Tuesday, May 24, 2005

Rational Conference Report 2

Business - Development - Operations

In my previous post, I mentioned the disconnect between Business and Operations, and I've now had an opportunity to discuss this with a few other people.

IBM's solution for connecting Operations with Business involves Tivoli and/or WBI Monitor. (I talked about IBM's closed loop solution in a CBDI report some time ago.) There doesn't seem to be a way to close the IT Governance loop within the Rational brand, and the full lifecycle is not covered by RUP. (As I understand it, the Tivoli Unified Process is currently separate from the Rational Unified Process.)

There is some potential for confusion here, because there is a many-to-many relationship between the IBM brands and the underlying technologies. So the technological footprint of "Rational" within IBM Software is not quite the same as the product marketing footprint. WBI Modeller remains outside the Rational brand. So I think we have to regard the Business-Development-Operations picture as a framework for the whole of IBM Software, not just Rational.

From this perspective, I think IBM have most of the components for a really good solution to IT Governance, but (as I am sure they will acknowedge) they haven't quite joined up the pieces yet.

Service-Oriented Architecture

I guess this is what I'm really here for.
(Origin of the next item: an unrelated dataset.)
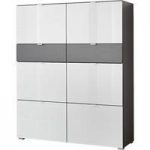 Alameda Shoe Cabinet In Anthracite And White Glass Front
There was a great talk on "SOA for Mere Mortals" this afternoon, followed by a useful Birds-of-a-Feather (BoF) session.

The BoF session included some input from an IBM customer in the banking industry that had implemented many hundreds of services. We discussed how SOA could be justified from a business perspective. There was some agreement that you had to reach a reasonable level of complexity before the advantages of SOA over previous technologies became apparent. This led to the suggestion that you had to have a reasonable level of maturity before you could manage this level of complexity.

The level of granularity is then a trade-off between a desire for flexibility (which is part of the justification for SOA) and the need to contain complexity. This is a design judgement made in a particular context, which includes such considerations as the skillset of the target consumer of the service.

User recommendation: define templates as to how you are going to define services. (There is a RAS profile for web service definitions, but this organization defined its own template.)